Honestly saying, i do not know. But what i see is we are allowed to
do individual mapping as much as physical memory we have. If i do not
miss something.

>
> We currently have a 32TB vmap space (on x86-64), so that's one limit.
> Should we restrict it further to avoid this ever wrapping past a 32-bit
> limit?
We can restrict vmap space to 1 << 32 pages in 64 bit systems, but then
probably all archs have to follow that rule and patched accordingly. Apart
of that i am not sure how KASAN calculates start point for its allocation,
i mean offset within VMALLOC_START - VMALLOC_END address space. The same
regarding kernel module mapping space(if built to allocate in vmalloc space).

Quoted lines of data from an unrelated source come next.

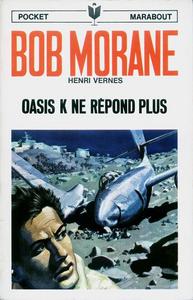 Oasis K ne rpond plus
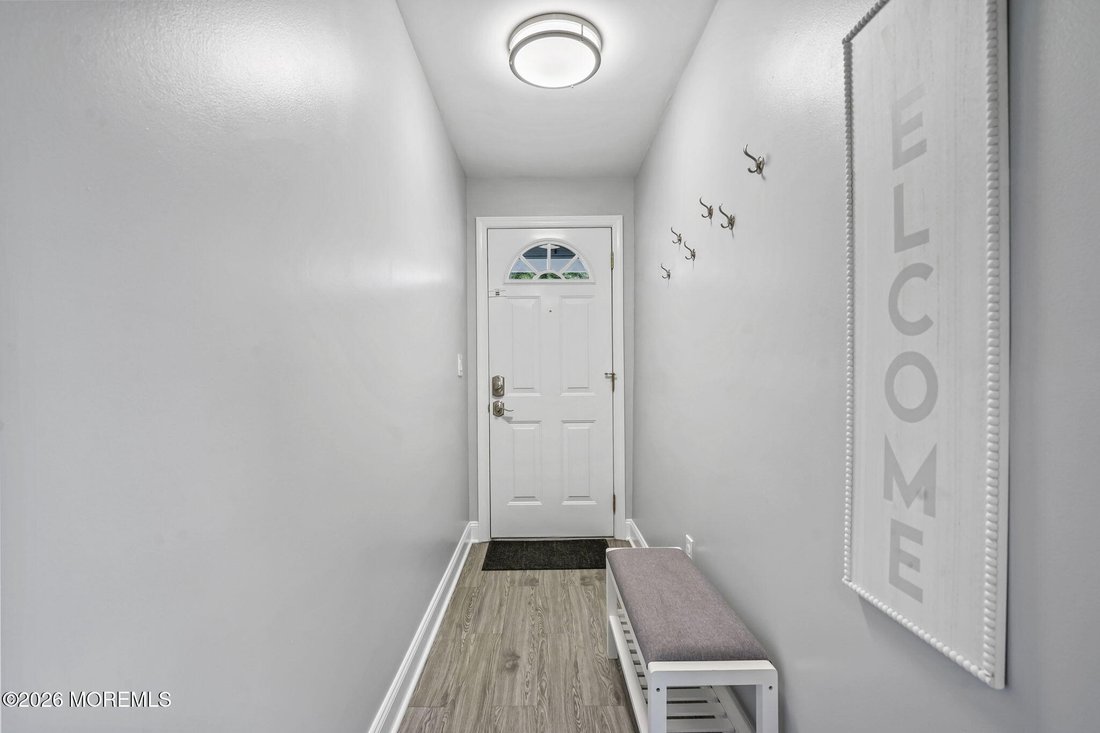 House in Bradley Beach, New Jersey, United States 2 - 19032414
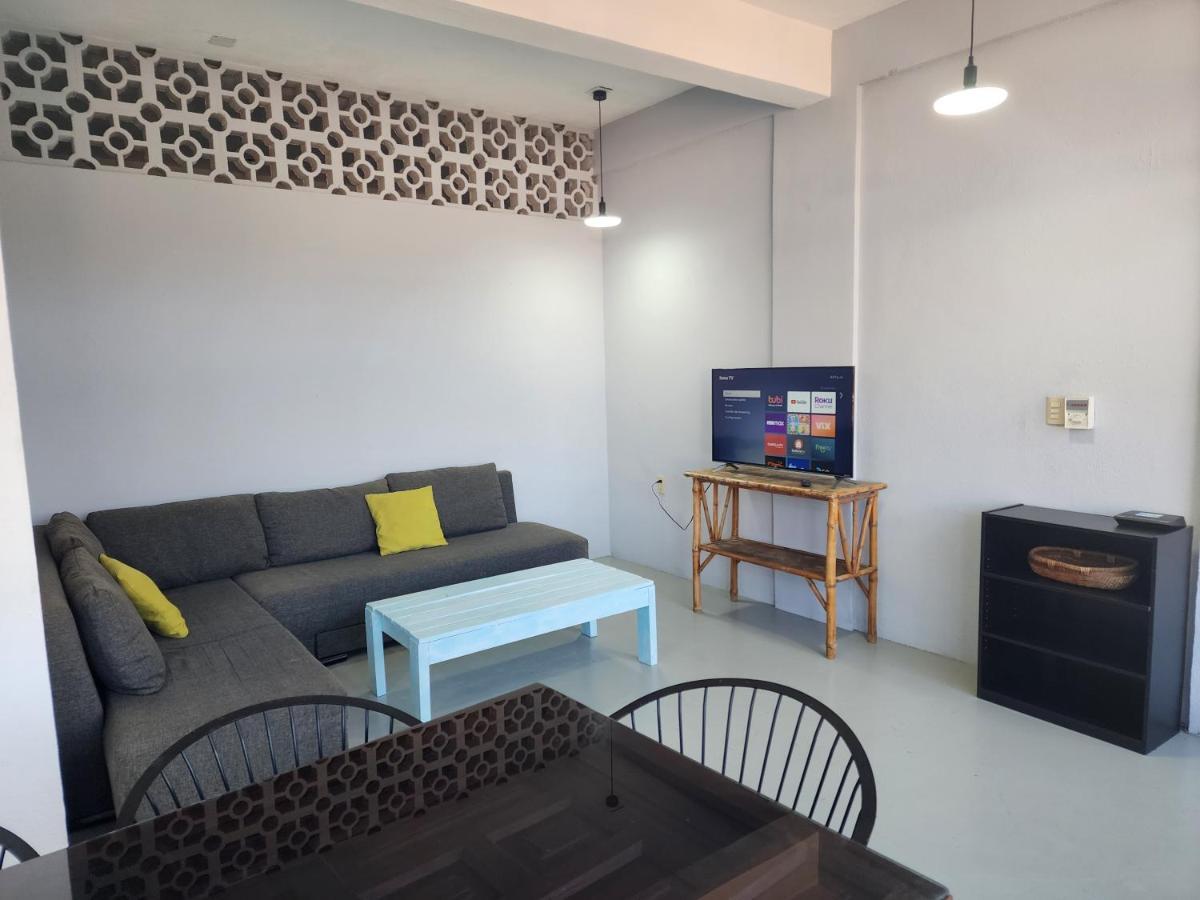 Large And Comfy Apartment, Near Dt And Principal Beach! Zihuatanejo Kültér fotó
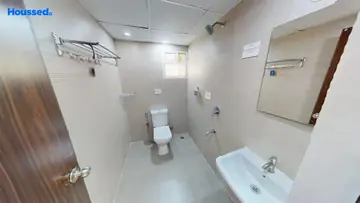Project Image of 2 BHK Flat for Resale in Candeur Landmark Varthur, Bangalore - Image 87238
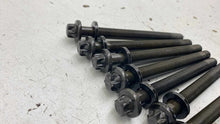 Miscellaneous Parts JEEP WRANGLER 21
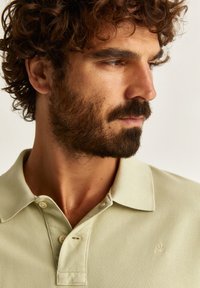 Scalpers BASIC  - Pikeepaita - light mint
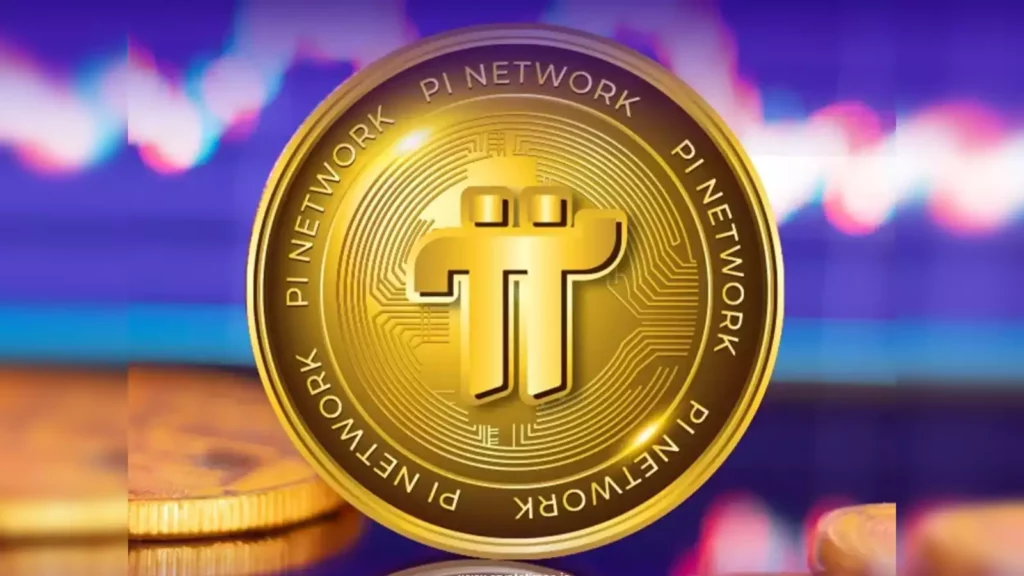 criptomoneda Pi Network (PI)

Also, since atomic_t is integer it can be negative, therefore we have to
use casting to "unsigned int" everywhere if deal with "vmap_lazy_nr".

Thank you.

--
Vlad Rezki
diff mbox series

Patch

diff --git a/mm/vmalloc.c b/mm/vmalloc.c
index abe83f885069..755b02983d8d 100644
--- a/mm/vmalloc.c
+++ b/mm/vmalloc.c
@@ -632,7 +632,7 @@  static unsigned long lazy_max_pages(void)
 	return log * (32UL * 1024 * 1024 / PAGE_SIZE);
 }
 
-static atomic_t vmap_lazy_nr = ATOMIC_INIT(0);
+static atomic_long_t vmap_lazy_nr = ATOMIC_LONG_INIT(0);
 
 /*
  * Serialize vmap purging.  There is no actual criticial section protected
@@ -650,7 +650,7 @@  static void purge_fragmented_blocks_allcpus(void);
  */
 void set_iounmap_nonlazy(void)
 {
-	atomic_set(&vmap_lazy_nr, lazy_max_pages()+1);
+	atomic_long_set(&vmap_lazy_nr, lazy_max_pages()+1);
 }
 
 /*
@@ -658,10 +658,10 @@  void set_iounmap_nonlazy(void)
  */
 static bool __purge_vmap_area_lazy(unsigned long start, unsigned long end)
 {
+	unsigned long resched_threshold;
 	struct llist_node *valist;
 	struct vmap_area *va;
 	struct vmap_area *n_va;
-	int resched_threshold;
 
 	lockdep_assert_held(&vmap_purge_lock);
 
@@ -681,16 +681,16 @@  static bool __purge_vmap_area_lazy(unsigned long start, unsigned long end)
 	}
 
 	flush_tlb_kernel_range(start, end);
-	resched_threshold = (int) lazy_max_pages() << 1;
+	resched_threshold = lazy_max_pages() << 1;
 
 	spin_lock(&vmap_area_lock);
 	llist_for_each_entry_safe(va, n_va, valist, purge_list) {
-		int nr = (va->va_end - va->va_start) >> PAGE_SHIFT;
+		unsigned long nr = (va->va_end - va->va_start) >> PAGE_SHIFT;
 
 		__free_vmap_area(va);
-		atomic_sub(nr, &vmap_lazy_nr);
+		atomic_long_sub(nr, &vmap_lazy_nr);
 
-		if (atomic_read(&vmap_lazy_nr) < resched_threshold)
+		if (atomic_long_read(&vmap_lazy_nr) < resched_threshold)
 			cond_resched_lock(&vmap_area_lock);
 	}
 	spin_unlock(&vmap_area_lock);
@@ -727,10 +727,10 @@  static void purge_vmap_area_lazy(void)
  */
 static void free_vmap_area_noflush(struct vmap_area *va)
 {
-	int nr_lazy;
+	unsigned long nr_lazy;
 
-	nr_lazy = atomic_add_return((va->va_end - va->va_start) >> PAGE_SHIFT,
-				    &vmap_lazy_nr);
+	nr_lazy = atomic_long_add_return((va->va_end - va->va_start) >>
+				PAGE_SHIFT, &vmap_lazy_nr);
 
 	/* After this point, we may free va at any time */
 	llist_add(&va->purge_list, &vmap_purge_list);